[Short text fragments from websites]
══════
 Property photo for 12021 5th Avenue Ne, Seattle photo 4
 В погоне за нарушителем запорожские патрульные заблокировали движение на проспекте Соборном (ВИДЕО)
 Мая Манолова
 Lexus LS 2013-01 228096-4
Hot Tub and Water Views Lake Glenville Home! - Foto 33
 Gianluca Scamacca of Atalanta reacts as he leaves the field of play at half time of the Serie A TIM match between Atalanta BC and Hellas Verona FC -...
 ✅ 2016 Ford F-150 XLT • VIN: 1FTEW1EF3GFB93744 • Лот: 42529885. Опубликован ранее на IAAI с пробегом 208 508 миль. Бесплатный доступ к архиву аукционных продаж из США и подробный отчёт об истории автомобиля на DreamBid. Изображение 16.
══════
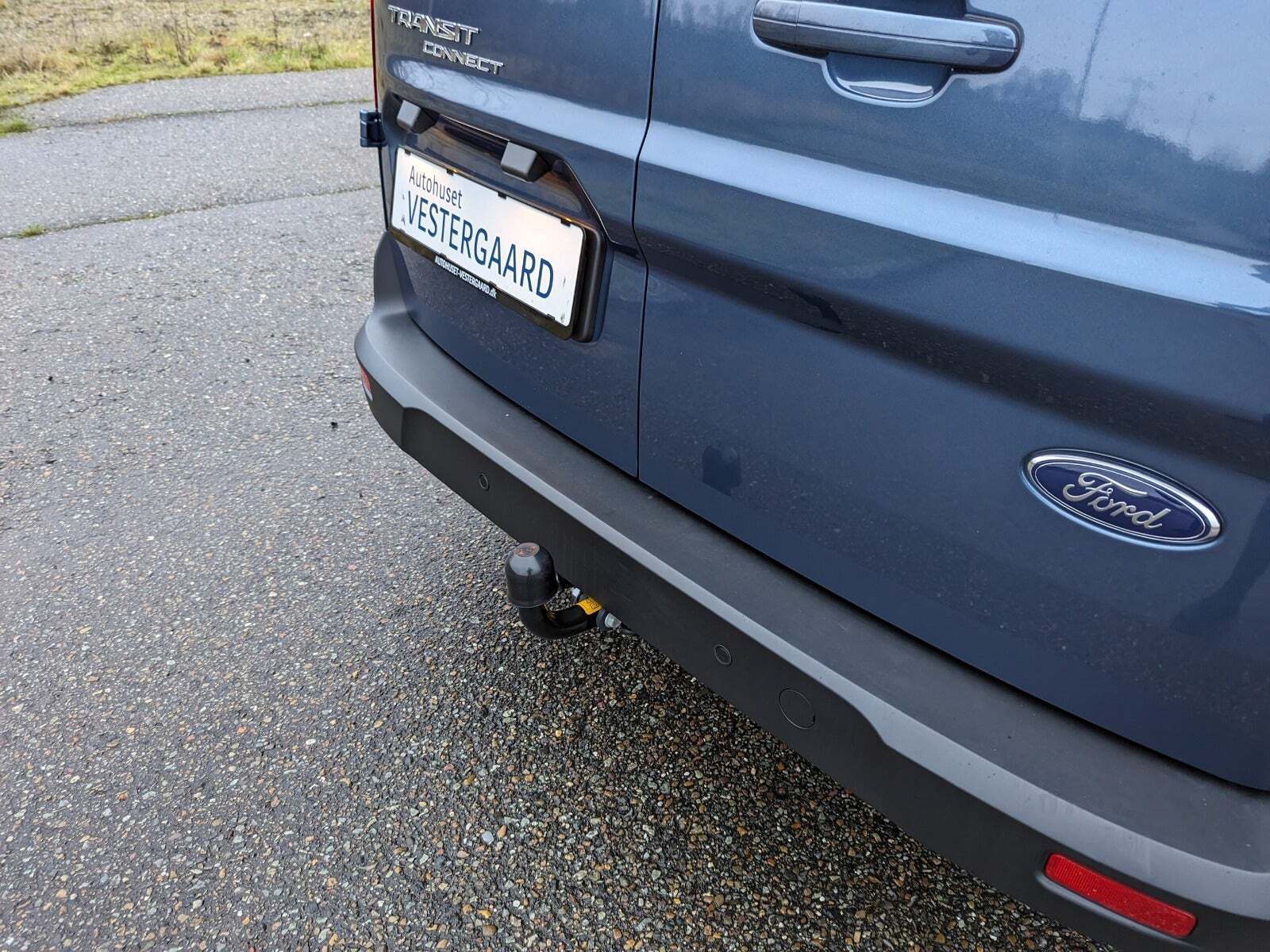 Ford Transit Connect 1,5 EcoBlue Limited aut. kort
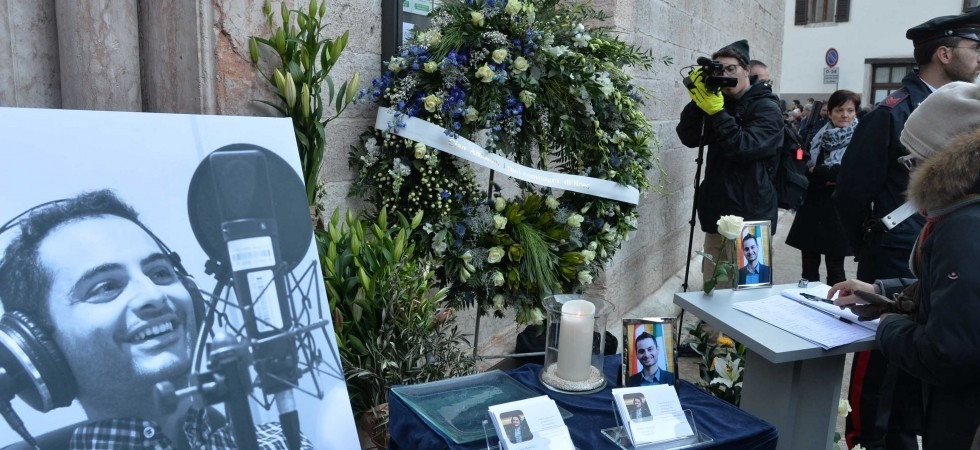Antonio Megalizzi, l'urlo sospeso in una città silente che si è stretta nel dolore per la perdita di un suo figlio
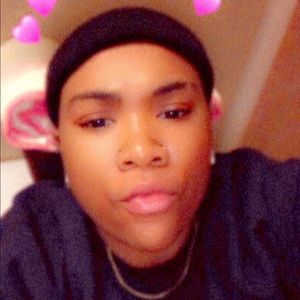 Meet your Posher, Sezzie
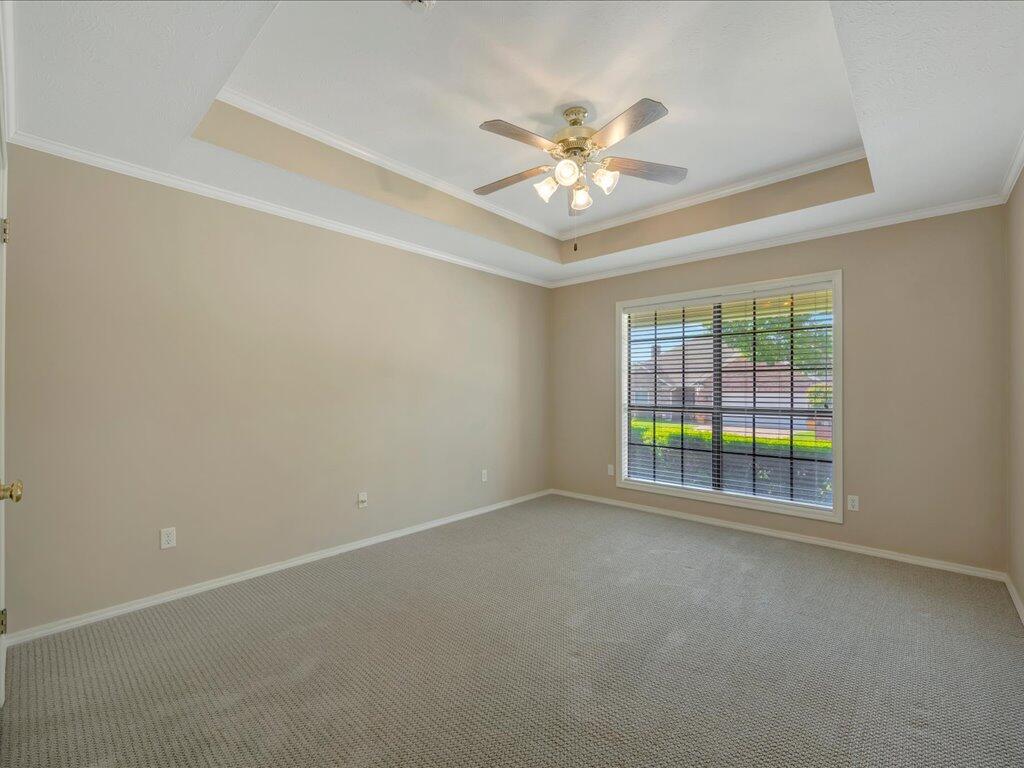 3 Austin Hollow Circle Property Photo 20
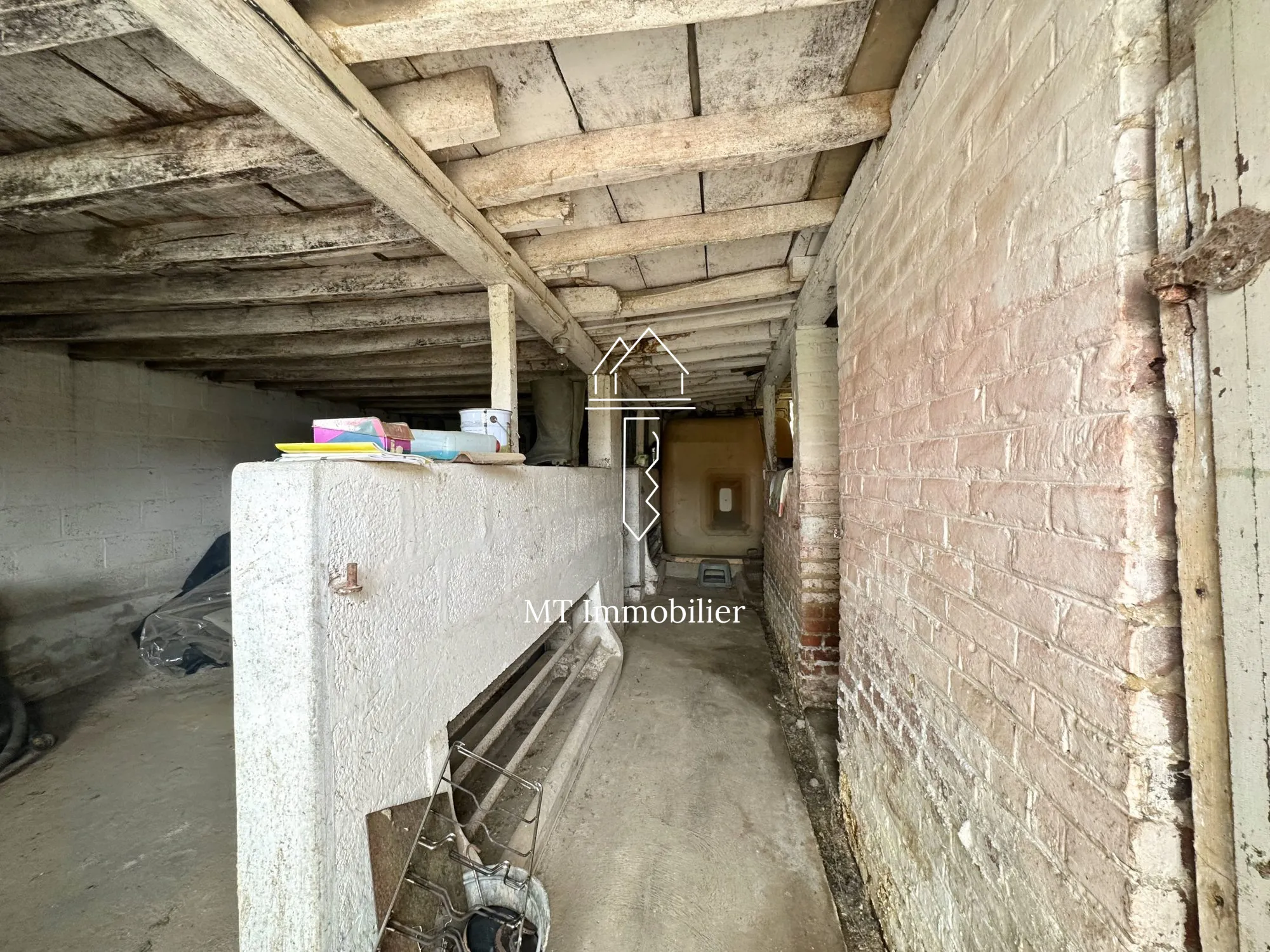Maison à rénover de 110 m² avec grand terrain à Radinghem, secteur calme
══════
◆ **Task description**
Copy out, exactly and alone, the lines of the entries above between the ones holding "Property photo for" and "Gianluca Scamacca of", inclusive.

◆ **Result of the exercise**
 Property photo for 12021 5th Avenue Ne, Seattle photo 4
 В погоне за нарушителем запорожские патрульные заблокировали движение на проспекте Соборном (ВИДЕО)
 Мая Манолова
 Lexus LS 2013-01 228096-4
Hot Tub and Water Views Lake Glenville Home! - Foto 33
 Gianluca Scamacca of Atalanta reacts as he leaves the field of play at half time of the Serie A TIM match between Atalanta BC and Hellas Verona FC -...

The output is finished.